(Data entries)
★ ★ ★ ★ ★
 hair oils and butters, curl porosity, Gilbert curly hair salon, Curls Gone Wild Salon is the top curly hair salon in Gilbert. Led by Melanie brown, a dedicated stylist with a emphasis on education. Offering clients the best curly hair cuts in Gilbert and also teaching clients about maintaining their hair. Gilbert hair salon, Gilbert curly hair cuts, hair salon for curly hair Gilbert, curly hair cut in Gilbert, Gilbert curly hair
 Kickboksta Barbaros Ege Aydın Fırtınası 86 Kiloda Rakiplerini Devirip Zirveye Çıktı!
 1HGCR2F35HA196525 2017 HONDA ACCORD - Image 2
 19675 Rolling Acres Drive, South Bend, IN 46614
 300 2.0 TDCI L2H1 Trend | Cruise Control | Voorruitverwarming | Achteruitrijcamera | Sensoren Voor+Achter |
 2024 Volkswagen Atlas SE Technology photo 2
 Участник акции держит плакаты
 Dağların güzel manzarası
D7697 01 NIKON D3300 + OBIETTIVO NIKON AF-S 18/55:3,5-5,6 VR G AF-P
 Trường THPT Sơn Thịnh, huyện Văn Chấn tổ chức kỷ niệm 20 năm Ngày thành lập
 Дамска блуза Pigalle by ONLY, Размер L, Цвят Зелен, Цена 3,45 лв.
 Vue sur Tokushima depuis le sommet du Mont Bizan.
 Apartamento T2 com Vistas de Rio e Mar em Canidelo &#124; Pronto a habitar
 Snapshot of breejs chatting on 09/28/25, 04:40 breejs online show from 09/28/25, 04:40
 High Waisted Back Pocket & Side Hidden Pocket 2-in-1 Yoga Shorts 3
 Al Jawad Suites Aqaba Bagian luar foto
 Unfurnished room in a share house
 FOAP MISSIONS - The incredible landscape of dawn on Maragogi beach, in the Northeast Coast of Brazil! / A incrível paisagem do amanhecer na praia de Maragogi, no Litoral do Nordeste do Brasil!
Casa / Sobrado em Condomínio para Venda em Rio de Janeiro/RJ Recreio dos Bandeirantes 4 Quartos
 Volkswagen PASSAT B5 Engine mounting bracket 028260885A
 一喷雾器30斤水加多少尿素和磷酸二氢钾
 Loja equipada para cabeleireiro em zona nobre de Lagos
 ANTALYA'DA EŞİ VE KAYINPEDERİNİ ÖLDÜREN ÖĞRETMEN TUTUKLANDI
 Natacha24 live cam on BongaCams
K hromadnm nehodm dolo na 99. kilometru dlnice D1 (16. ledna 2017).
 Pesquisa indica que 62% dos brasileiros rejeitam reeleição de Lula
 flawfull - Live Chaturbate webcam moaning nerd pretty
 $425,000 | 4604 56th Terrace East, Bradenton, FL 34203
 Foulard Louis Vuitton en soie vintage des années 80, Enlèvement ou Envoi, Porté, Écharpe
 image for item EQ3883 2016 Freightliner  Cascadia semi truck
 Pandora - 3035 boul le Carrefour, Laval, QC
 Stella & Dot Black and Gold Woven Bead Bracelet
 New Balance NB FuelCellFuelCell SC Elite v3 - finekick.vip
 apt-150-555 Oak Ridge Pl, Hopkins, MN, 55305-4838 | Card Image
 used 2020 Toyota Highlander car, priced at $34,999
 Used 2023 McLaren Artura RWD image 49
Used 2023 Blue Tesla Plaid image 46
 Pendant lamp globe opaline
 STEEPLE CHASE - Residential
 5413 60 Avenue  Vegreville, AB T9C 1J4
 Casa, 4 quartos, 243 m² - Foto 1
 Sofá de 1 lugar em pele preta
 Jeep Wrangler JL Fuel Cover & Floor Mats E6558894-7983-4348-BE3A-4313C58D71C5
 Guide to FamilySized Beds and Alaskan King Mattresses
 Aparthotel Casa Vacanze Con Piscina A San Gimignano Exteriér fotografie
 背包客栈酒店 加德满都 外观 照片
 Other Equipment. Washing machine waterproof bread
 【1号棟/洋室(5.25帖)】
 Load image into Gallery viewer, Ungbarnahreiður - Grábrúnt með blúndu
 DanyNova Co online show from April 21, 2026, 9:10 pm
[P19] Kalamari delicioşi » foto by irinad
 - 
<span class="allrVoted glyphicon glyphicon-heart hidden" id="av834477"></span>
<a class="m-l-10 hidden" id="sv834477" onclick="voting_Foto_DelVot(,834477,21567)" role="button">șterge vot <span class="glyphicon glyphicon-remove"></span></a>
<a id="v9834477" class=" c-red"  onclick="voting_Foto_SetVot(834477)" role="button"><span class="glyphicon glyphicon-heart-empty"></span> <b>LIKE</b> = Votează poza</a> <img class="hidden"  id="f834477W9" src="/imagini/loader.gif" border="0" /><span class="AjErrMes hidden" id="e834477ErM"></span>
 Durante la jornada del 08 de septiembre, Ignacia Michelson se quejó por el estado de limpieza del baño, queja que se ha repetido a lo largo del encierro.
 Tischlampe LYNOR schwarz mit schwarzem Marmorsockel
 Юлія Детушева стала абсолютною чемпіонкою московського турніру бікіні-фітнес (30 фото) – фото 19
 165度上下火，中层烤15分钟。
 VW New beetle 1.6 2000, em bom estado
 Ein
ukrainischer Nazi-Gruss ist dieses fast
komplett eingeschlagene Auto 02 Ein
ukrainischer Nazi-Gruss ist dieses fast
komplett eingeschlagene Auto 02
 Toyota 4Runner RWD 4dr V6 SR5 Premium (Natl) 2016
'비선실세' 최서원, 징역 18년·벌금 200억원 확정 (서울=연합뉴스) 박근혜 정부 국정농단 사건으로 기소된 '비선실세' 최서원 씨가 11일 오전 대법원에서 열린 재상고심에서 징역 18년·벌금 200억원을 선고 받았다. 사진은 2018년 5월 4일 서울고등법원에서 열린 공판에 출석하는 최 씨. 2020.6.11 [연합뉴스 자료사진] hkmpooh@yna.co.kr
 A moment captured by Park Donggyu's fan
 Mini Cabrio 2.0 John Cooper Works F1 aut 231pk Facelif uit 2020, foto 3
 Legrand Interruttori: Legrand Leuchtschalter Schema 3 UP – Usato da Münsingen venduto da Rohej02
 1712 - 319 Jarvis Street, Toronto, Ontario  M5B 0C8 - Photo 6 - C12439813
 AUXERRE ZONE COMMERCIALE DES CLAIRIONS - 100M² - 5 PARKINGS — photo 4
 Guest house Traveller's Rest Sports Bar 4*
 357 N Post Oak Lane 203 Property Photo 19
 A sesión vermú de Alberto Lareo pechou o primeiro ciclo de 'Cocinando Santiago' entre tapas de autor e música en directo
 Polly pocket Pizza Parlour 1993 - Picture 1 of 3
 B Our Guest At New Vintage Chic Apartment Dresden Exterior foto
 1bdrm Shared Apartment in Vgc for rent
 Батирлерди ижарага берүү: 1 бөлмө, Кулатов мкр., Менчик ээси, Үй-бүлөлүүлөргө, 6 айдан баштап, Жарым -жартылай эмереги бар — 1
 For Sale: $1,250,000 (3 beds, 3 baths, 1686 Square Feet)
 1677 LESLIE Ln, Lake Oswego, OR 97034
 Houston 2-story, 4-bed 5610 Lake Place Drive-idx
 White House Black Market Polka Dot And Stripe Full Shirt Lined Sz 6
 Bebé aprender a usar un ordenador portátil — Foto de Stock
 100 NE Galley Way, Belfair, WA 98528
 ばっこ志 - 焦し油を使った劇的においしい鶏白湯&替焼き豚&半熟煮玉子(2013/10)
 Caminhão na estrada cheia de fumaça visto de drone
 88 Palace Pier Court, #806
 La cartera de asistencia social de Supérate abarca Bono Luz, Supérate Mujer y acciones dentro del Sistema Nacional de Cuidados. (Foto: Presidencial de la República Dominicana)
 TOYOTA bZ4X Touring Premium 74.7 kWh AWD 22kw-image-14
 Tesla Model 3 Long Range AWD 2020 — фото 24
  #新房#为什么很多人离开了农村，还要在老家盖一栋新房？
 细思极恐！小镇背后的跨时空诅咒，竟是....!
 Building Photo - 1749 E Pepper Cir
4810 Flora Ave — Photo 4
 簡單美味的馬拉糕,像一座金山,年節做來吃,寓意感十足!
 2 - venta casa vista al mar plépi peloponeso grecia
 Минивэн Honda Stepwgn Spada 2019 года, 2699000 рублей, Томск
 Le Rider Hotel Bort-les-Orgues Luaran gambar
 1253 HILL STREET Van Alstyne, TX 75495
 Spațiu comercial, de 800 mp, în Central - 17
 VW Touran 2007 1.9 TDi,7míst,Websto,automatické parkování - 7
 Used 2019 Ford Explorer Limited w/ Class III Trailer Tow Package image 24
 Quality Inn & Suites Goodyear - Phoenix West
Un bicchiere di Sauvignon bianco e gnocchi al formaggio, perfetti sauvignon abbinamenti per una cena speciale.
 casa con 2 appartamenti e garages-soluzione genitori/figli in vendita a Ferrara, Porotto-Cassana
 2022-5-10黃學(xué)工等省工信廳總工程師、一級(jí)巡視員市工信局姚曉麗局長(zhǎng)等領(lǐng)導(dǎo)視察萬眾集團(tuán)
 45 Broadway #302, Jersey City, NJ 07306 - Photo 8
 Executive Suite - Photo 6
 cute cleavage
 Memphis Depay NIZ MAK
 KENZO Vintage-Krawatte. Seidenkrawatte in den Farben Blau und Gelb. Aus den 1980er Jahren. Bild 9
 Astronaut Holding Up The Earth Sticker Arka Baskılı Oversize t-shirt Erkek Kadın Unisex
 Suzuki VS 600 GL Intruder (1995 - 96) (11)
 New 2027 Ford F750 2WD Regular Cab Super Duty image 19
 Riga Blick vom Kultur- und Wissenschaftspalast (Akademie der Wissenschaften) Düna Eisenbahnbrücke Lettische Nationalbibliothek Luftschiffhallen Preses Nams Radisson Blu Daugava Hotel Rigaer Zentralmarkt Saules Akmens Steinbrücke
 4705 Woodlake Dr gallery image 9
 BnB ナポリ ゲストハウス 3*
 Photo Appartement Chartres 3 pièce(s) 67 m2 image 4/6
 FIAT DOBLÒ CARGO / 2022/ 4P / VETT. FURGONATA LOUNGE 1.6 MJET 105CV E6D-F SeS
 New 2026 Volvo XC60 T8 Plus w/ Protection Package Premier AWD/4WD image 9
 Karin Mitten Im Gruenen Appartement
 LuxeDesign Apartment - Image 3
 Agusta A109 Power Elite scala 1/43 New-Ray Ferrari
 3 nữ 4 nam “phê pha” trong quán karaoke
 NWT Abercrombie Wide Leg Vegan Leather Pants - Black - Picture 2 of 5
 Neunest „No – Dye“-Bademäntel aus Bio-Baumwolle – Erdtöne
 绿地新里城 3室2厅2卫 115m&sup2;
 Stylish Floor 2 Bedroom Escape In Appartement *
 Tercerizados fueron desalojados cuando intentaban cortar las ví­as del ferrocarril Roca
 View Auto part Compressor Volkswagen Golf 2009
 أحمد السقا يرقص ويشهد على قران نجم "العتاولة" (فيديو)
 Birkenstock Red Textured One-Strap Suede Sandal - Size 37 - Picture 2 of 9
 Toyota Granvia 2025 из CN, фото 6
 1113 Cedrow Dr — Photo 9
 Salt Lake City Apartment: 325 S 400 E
★ ★ ★ ★ ★
=== Your objective ===
Retype only this portion of the data above: the line containing "细思极恐！小镇背后的跨时空诅咒，竟是....!", the line containing "Stylish Floor 2", and all lines between them, exactly.

=== Answer below ===
 细思极恐！小镇背后的跨时空诅咒，竟是....!
 Building Photo - 1749 E Pepper Cir
4810 Flora Ave — Photo 4
 簡單美味的馬拉糕,像一座金山,年節做來吃,寓意感十足!
 2 - venta casa vista al mar plépi peloponeso grecia
 Минивэн Honda Stepwgn Spada 2019 года, 2699000 рублей, Томск
 Le Rider Hotel Bort-les-Orgues Luaran gambar
 1253 HILL STREET Van Alstyne, TX 75495
 Spațiu comercial, de 800 mp, în Central - 17
 VW Touran 2007 1.9 TDi,7míst,Websto,automatické parkování - 7
 Used 2019 Ford Explorer Limited w/ Class III Trailer Tow Package image 24
 Quality Inn & Suites Goodyear - Phoenix West
Un bicchiere di Sauvignon bianco e gnocchi al formaggio, perfetti sauvignon abbinamenti per una cena speciale.
 casa con 2 appartamenti e garages-soluzione genitori/figli in vendita a Ferrara, Porotto-Cassana
 2022-5-10黃學(xué)工等省工信廳總工程師、一級(jí)巡視員市工信局姚曉麗局長(zhǎng)等領(lǐng)導(dǎo)視察萬眾集團(tuán)
 45 Broadway #302, Jersey City, NJ 07306 - Photo 8
 Executive Suite - Photo 6
 cute cleavage
 Memphis Depay NIZ MAK
 KENZO Vintage-Krawatte. Seidenkrawatte in den Farben Blau und Gelb. Aus den 1980er Jahren. Bild 9
 Astronaut Holding Up The Earth Sticker Arka Baskılı Oversize t-shirt Erkek Kadın Unisex
 Suzuki VS 600 GL Intruder (1995 - 96) (11)
 New 2027 Ford F750 2WD Regular Cab Super Duty image 19
 Riga Blick vom Kultur- und Wissenschaftspalast (Akademie der Wissenschaften) Düna Eisenbahnbrücke Lettische Nationalbibliothek Luftschiffhallen Preses Nams Radisson Blu Daugava Hotel Rigaer Zentralmarkt Saules Akmens Steinbrücke
 4705 Woodlake Dr gallery image 9
 BnB ナポリ ゲストハウス 3*
 Photo Appartement Chartres 3 pièce(s) 67 m2 image 4/6
 FIAT DOBLÒ CARGO / 2022/ 4P / VETT. FURGONATA LOUNGE 1.6 MJET 105CV E6D-F SeS
 New 2026 Volvo XC60 T8 Plus w/ Protection Package Premier AWD/4WD image 9
 Karin Mitten Im Gruenen Appartement
 LuxeDesign Apartment - Image 3
 Agusta A109 Power Elite scala 1/43 New-Ray Ferrari
 3 nữ 4 nam “phê pha” trong quán karaoke
 NWT Abercrombie Wide Leg Vegan Leather Pants - Black - Picture 2 of 5
 Neunest „No – Dye“-Bademäntel aus Bio-Baumwolle – Erdtöne
 绿地新里城 3室2厅2卫 115m&sup2;
 Stylish Floor 2 Bedroom Escape In Appartement *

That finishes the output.